# [Assigned task]
This exercise calls for the whole listing to be given again exactly, without images.

# [Collected material]
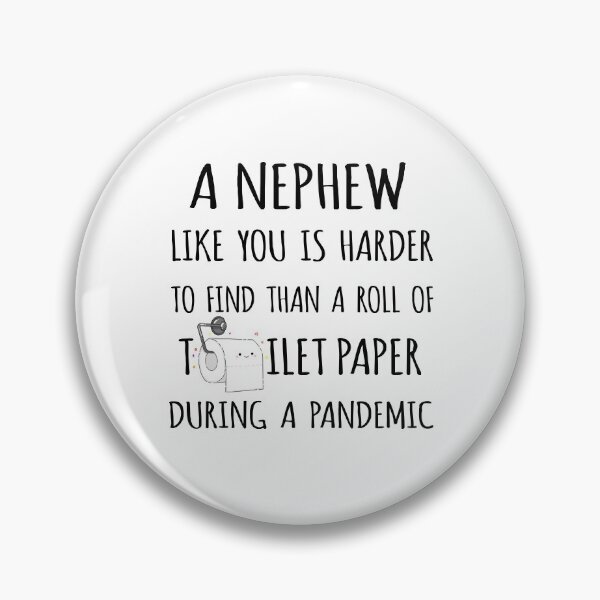 Item preview, A Nephew Like You is Harder to Find than a Roll of Toilet Paper During a Pandemic designed and sold by niftyhub.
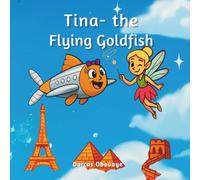 Tina- The Flying Goldfish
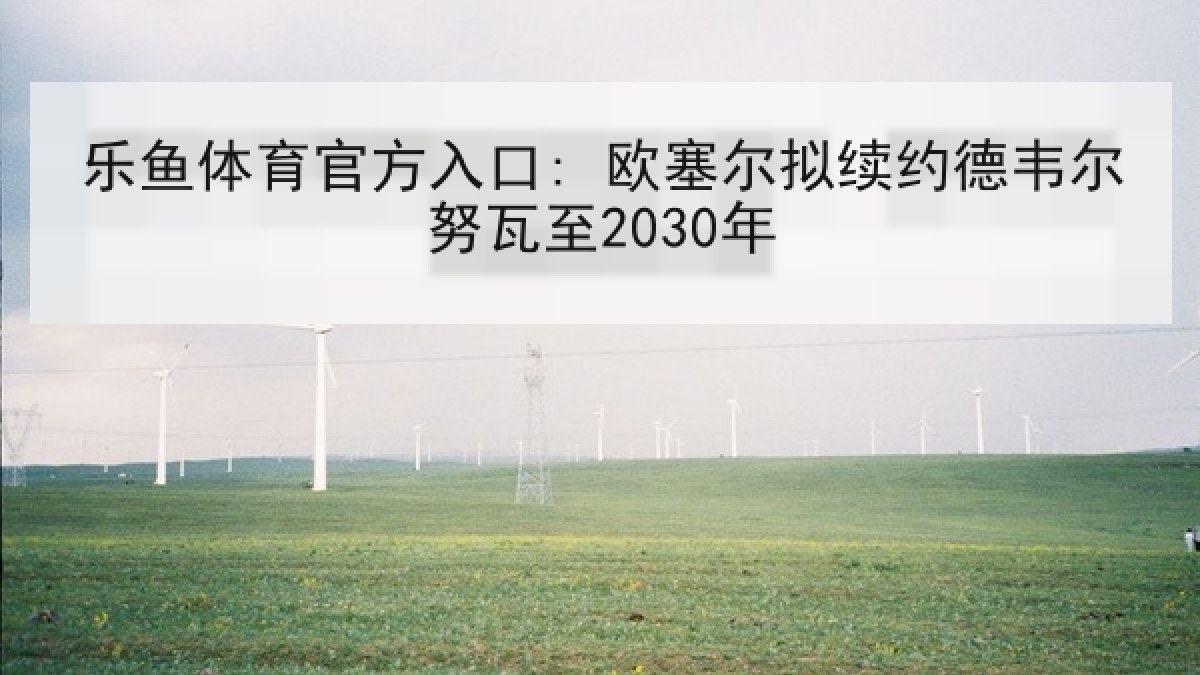 乐鱼体育官方入口: 欧塞尔拟续约德韦尔努瓦至2030年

# [Completed task]
 Item preview, A Nephew Like You is Harder to Find than a Roll of Toilet Paper During a Pandemic designed and sold by niftyhub.
 Tina- The Flying Goldfish
 乐鱼体育官方入口: 欧塞尔拟续约德韦尔努瓦至2030年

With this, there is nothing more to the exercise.